▶ _Aim of the exercise_: The expected result is the full listing, retyped exactly, without a single picture.
Collected data: Begin
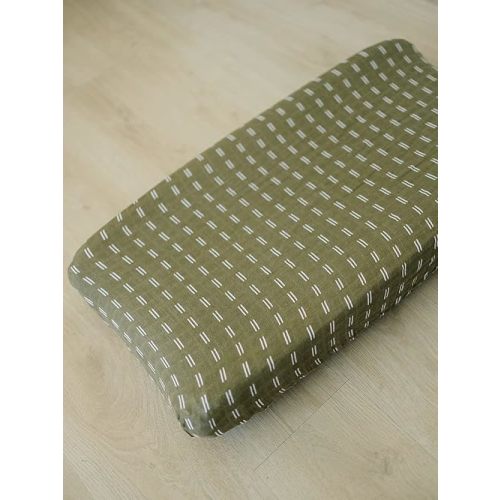 Mebie Baby Changing Pad, Olive Strokes, 100% Muslin Cotton Changing Table Pad Cover for Baby Boy and Girl, Designer Nursery Decor Covers, Diaper Changing Pad Cover for Changing Station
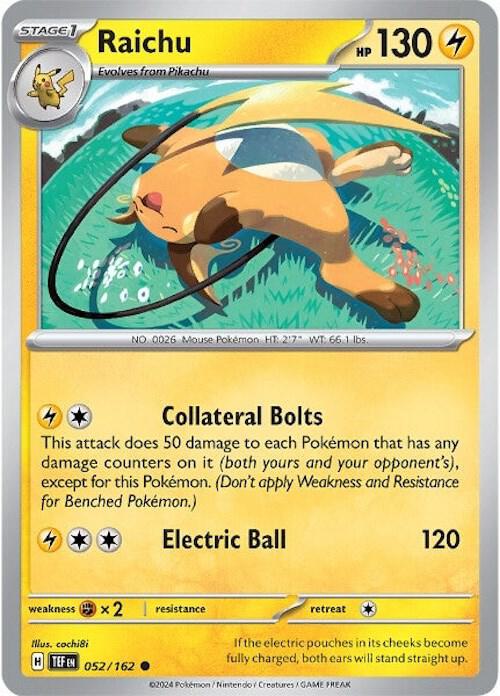 Raichu 052/162 — Temporal Forces Pokémon card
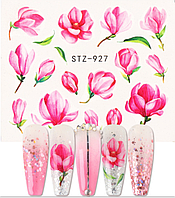 Слайдер дизайн для маникюра и ногтей на водный основе STZ-927 розовые цветы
Collected data: End
▶ _Your solution_:
 Mebie Baby Changing Pad, Olive Strokes, 100% Muslin Cotton Changing Table Pad Cover for Baby Boy and Girl, Designer Nursery Decor Covers, Diaper Changing Pad Cover for Changing Station
 Raichu 052/162 — Temporal Forces Pokémon card
 Слайдер дизайн для маникюра и ногтей на водный основе STZ-927 розовые цветы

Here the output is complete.